Mitochondrial syndrome can manifest itself indifferent human systems, but the most pronounced manifestations are neurological symptoms. This is due to the fact that nervous tissue is most strongly affected by hypoxia. Characteristic features that allow suspecting mitochondrial syndrome in the lesion of skeletal muscles are hypotension, inability to adequately tolerate physical exertion, various myopathies, ophthalmoparesis (paralysis of the oculomotor muscles), ptosis. On the part of the nervous system, there may be insult-like manifestations, seizures, pyramidal disorders, mental disorders. As a rule, a mitochondrial syndrome in a child is always manifested by a delay in the development or loss of already acquired skills, by disturbances in psychomotorics. The endocrine system does not exclude the development of diabetes, dysfunction of the thyroid and pancreas, stunting, puberty. Lesions of the heart can develop as against the background of pathologies of other organs, and in isolation. Mitochondrial syndrome in this case is represented by cardiomyopathy.

Diagnostics

Mitochondrial diseases most oftenare found in the period of newborns or in the first years of a child's life. According to foreign studies, this pathology is diagnosed in one newborn out of 5 thousand. For diagnostics, a complex clinical, genetic, instrumental, biochemical and molecular examination is performed.

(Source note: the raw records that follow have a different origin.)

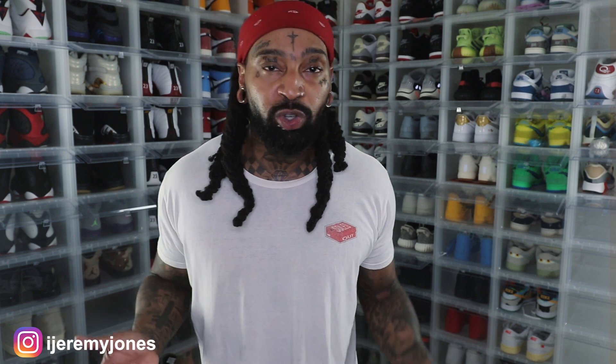First things first, these are set to release September 21st to the best of my knowledge, coming in at a retail price of $140. And of course, you know the kid — glance at the resale price, and right now they're averaging $150 and up depending on the size.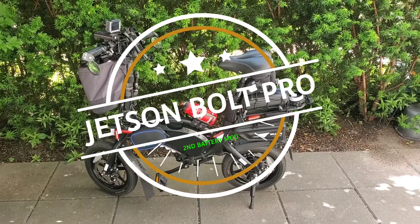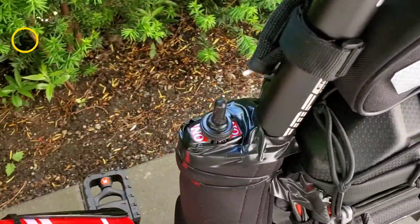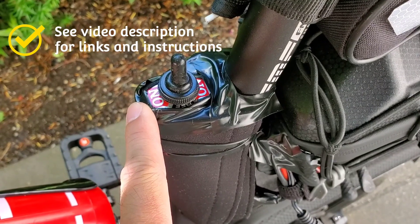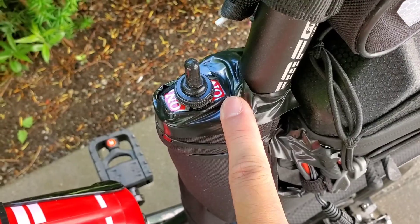Testing the battery quick switch of the Jetson Bolt Pro. Here is the quick switch — off in the middle, the primary Jetson battery on the front, and the secondary Ardu battery from AliExpress on the back.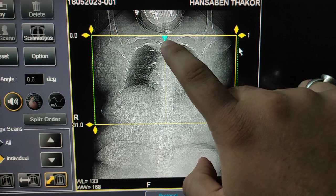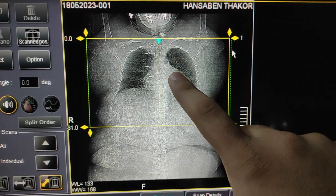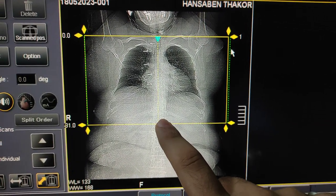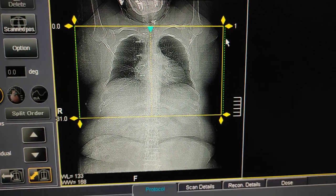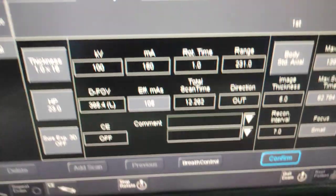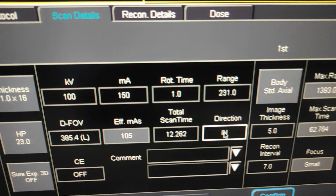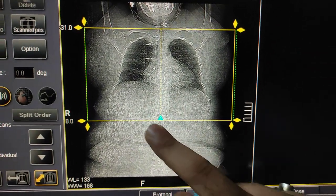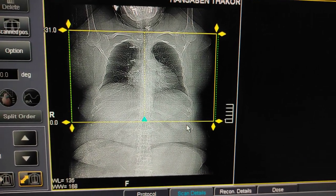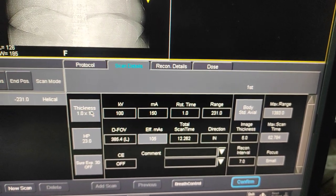See the indication — this small arrow shows the scan is going to start from apex to diaphragm. But this patient is aged and may not hold their breath properly, so I will change the direction. Now the arrow is repositioned, and this is the area you have to cover.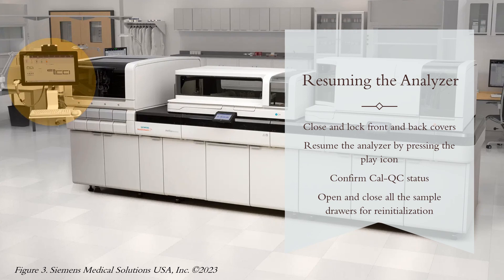After doing that, we'll need to open and close all of the sample drawers to re-initialize the sample handler. You should now be able to process samples.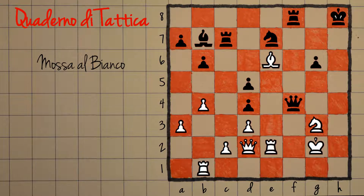Per prima cosa, questa non è una combinazione di matto: nonostante il re sia un po' all'aperto, il bianco non riesce a dare scacco matto in modo veloce perché il re ha efficienti vie di fuga — le case scure sono abbastanza sicure per il re nero. Vediamo quindi quali sono i fondamentali della tattica da usare in questa combinazione.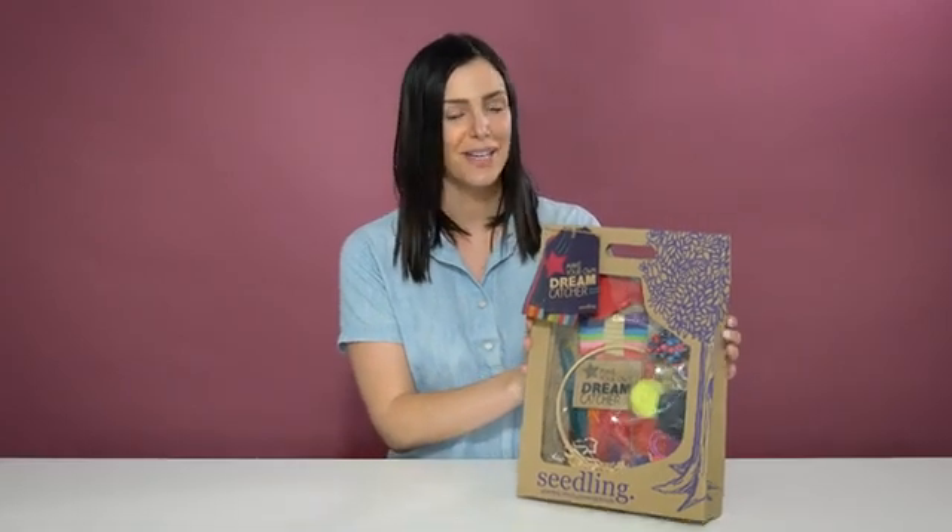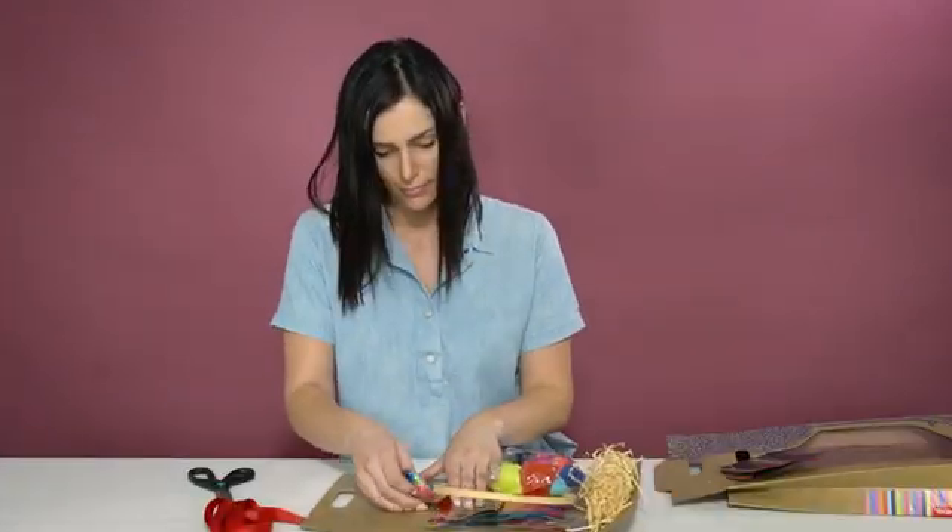So let's open this up and see what we have. To start we have the wooden hoop that will be the base for your child's project. We have six different colors of embroidery thread to create a unique design for your dreamcatcher.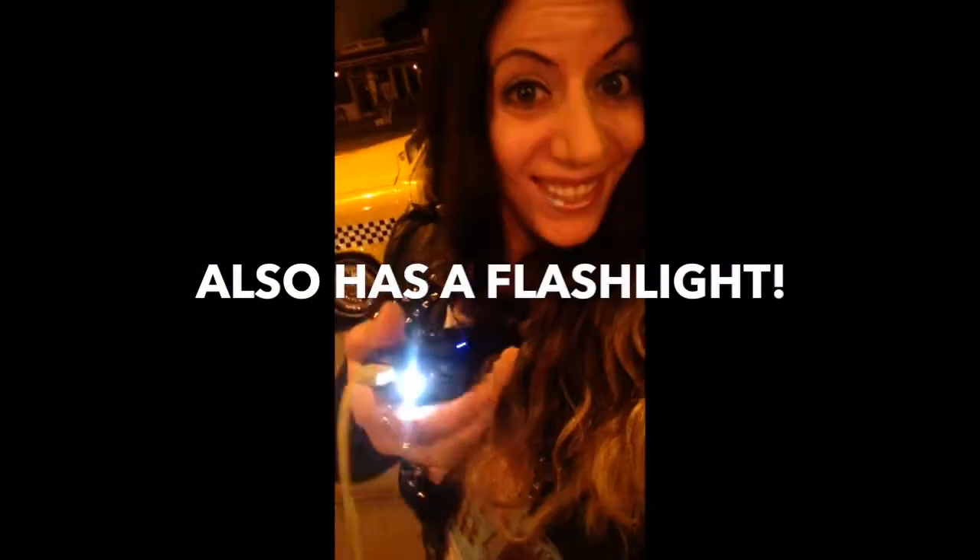Hi, I am here to do a video review of the awesome Anker second-generation Astro E4 external battery. It also has a flashlight, which is really cool.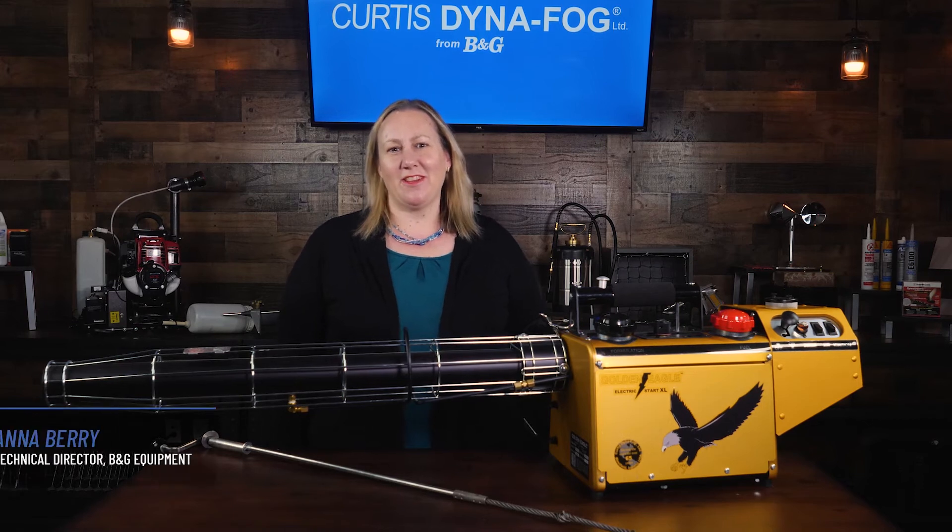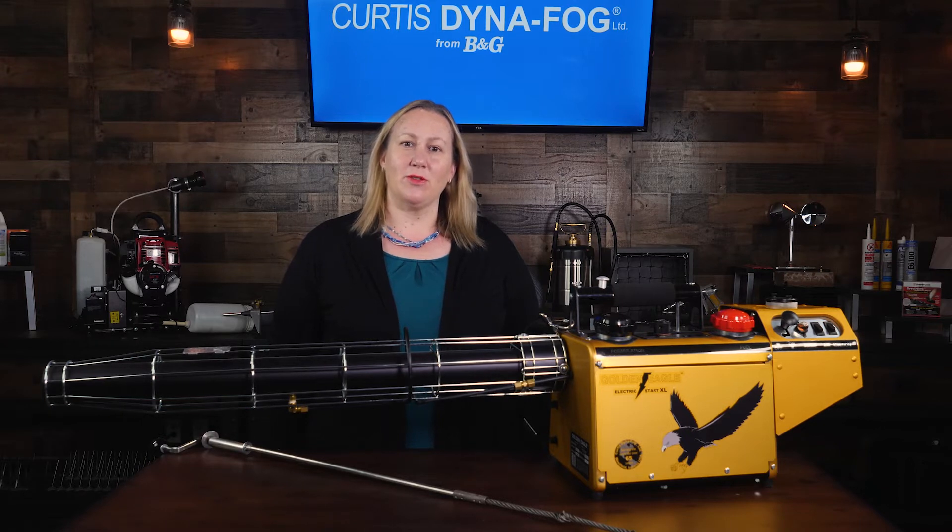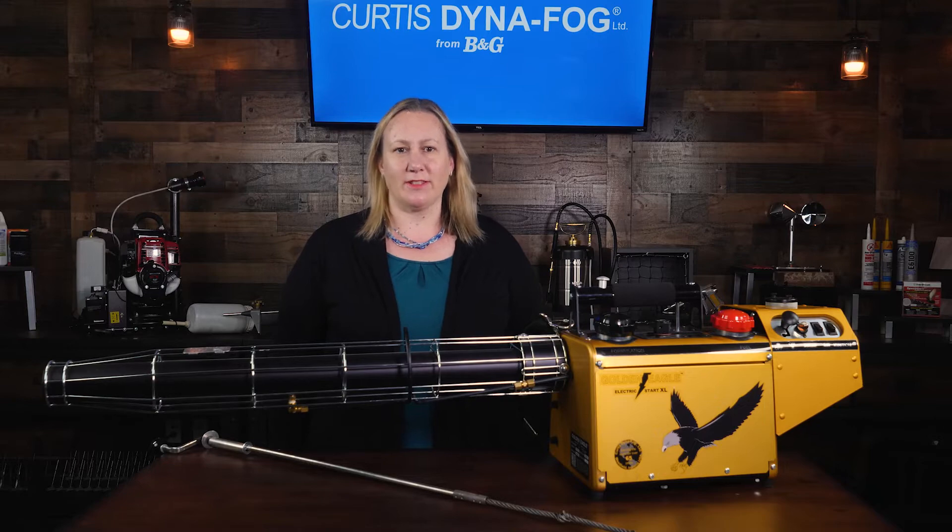Hi everyone, I'm Anna Barry, Technical Director of V&G Equipment, part of the Pelsis family of brands. In this video, we'll show how to maintain Curtis Dynafog's Golden Eagle Electric Start XL.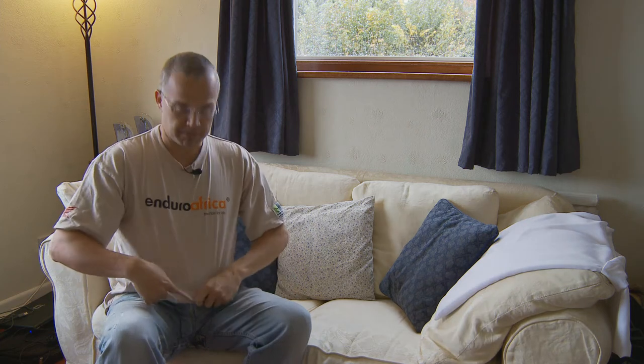If this is the first video you've seen of me with short hair and you're wondering why, it's because of Enduro Africa. I've just come back from Africa doing a very worthwhile endurance ride. If you want to learn more, just Google 'Nick Stubbs Enduro Africa 2009'.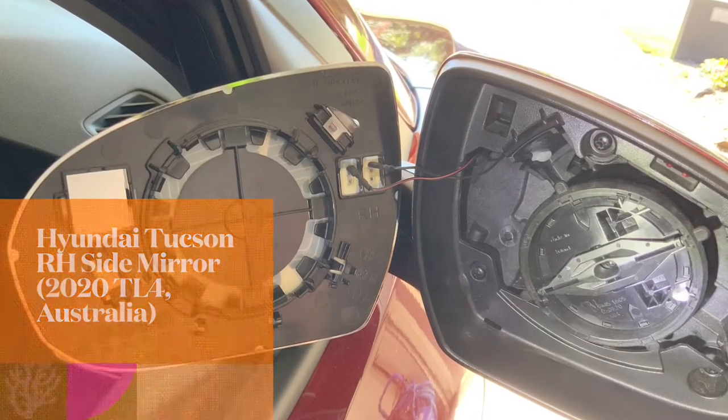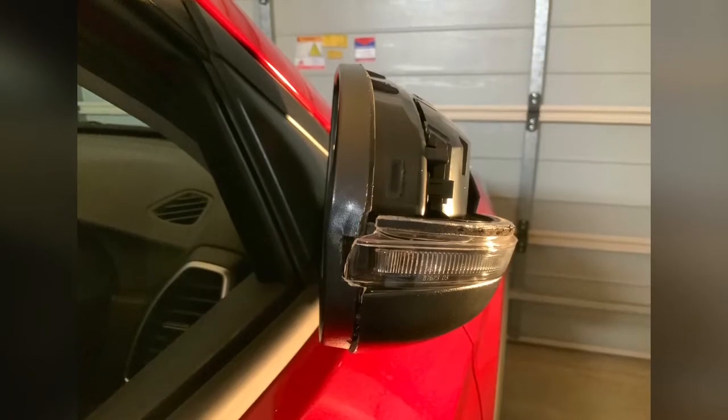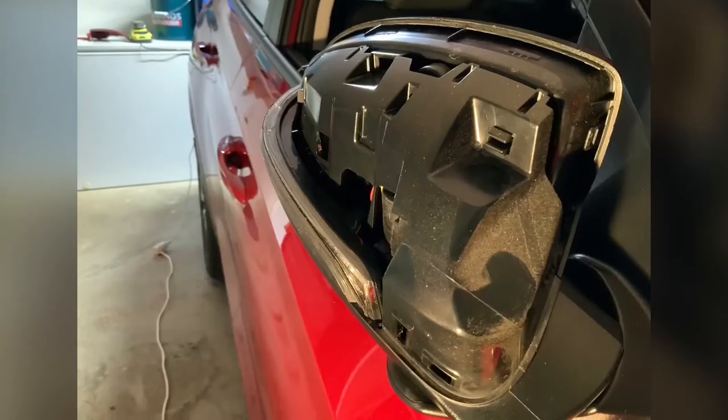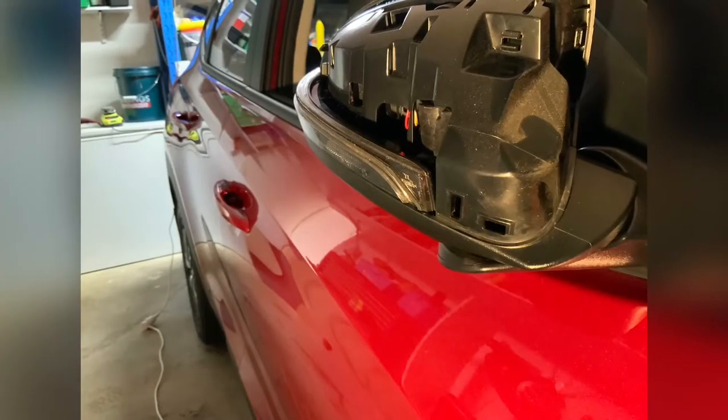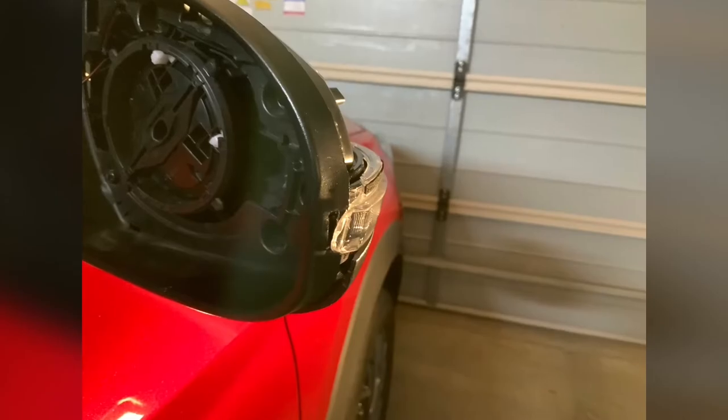Here's a short video showing a 2020 Hyundai Tucson right-hand side door mirror cap and mirror lens removal. I damaged the LED indicator, so I'm trying to pull it apart. There wasn't much online, so I thought I'd take some photos. Hope it helps!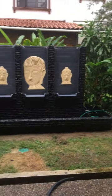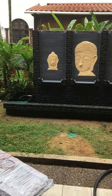This homeowner bought a beautiful fountain. Let's do the wiring and make the fountain work.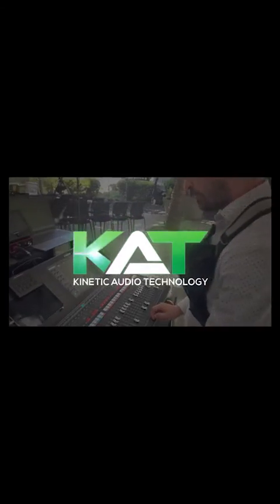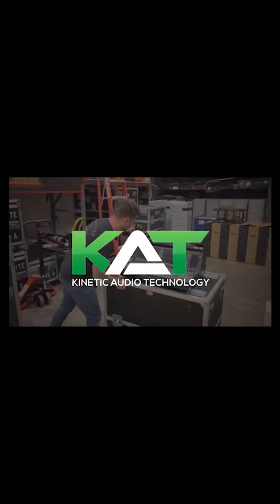So hopefully that helped you guys and happy mixing. Remember to like and subscribe.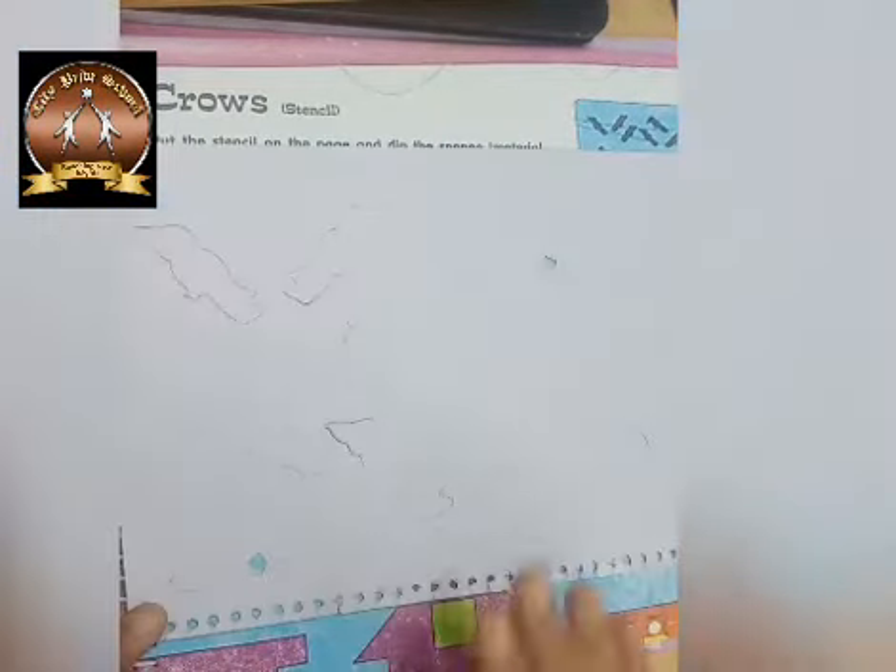For this activity we required art and craft book. This cardboard paper is also provided along with that. Then we required black color paint and brush.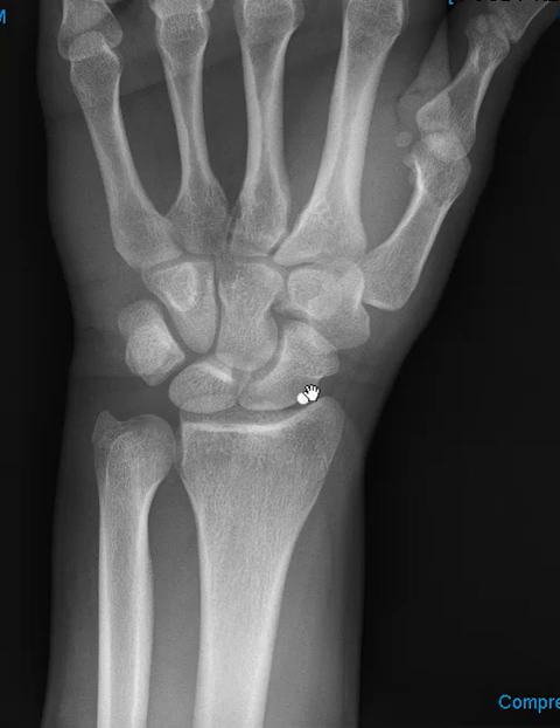That's why we do the procedure prior to MRI — it helps us evaluate ligament tears and TFCC tears. And we're going to start off with this view.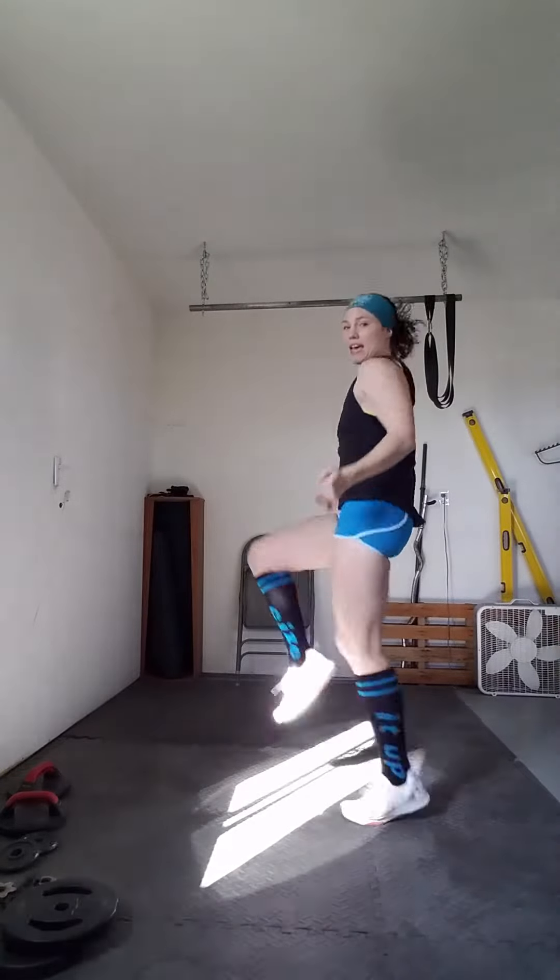High knee jump rope. Ready? Go. Remember, slow it down. Get those knees up as high as you can — ideally hip height. Keep those arms moving. It doesn't have to look pretty, it's just got to get done. Keep going guys. You got it. Push through. Five. Four. Three. Two. One. Nice job.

To date, there are a number of methods to determine this pathology.

Mitochondrial syndrome in a child - prognosis

Electromyography - with normal results against a background of pronounced muscular weakness in the patient allows you to suspect mitochondrial pathologies.
Lactic acidosis very often accompaniesmitochondrial diseases. Of course, only his presence is not enough to make a diagnosis, but measuring the level of lactic acid in the blood after exercise can be very informative.
Skeletal muscle biopsy and histochemical examination of the obtained biopsy is the most informative.
Good results show simultaneous application of light and electron microscopy of skeletal muscles.

Mitochondrial encephalopathy (Leia's syndrome)

One of the most frequent diseases of the childage associated with genetic changes in mitochondria is Leia's syndrome, first described in 1951. The first signs appear at the age of one to three years, but earlier manifestations are possible - in the first month of life or, on the contrary, after seven years. The first manifestations are a delay in development, weight loss, loss of appetite, repeated vomiting. Over time, neurological symptoms - muscle tone disorder (hypotension, dystonia, hypertonus), convulsions, coordination disorder are added.

The disease affects the organs of vision: develops atrophy of the optic nerves, degeneration of the retina, oculomotor disorders. In most children, the disease gradually progresses, the signs of pyramidal disorders increase, there are disorders of swallowing, respiratory function.

One of the children suffering from this pathology was Pugachev Efim, whose mitochondrial syndrome was diagnosed in 2014. His mother, Elena, asks for help from all not indifferent people.

Mitochondrial syndrome in a child

Forecast, unfortunately, today more ofteneverything is disappointing. This is due to both late diagnosis of the disease, the lack of detailed information on pathogenesis, the severity of patients associated with multisystem lesions, and the lack of a single criterion for evaluating the effectiveness of therapy.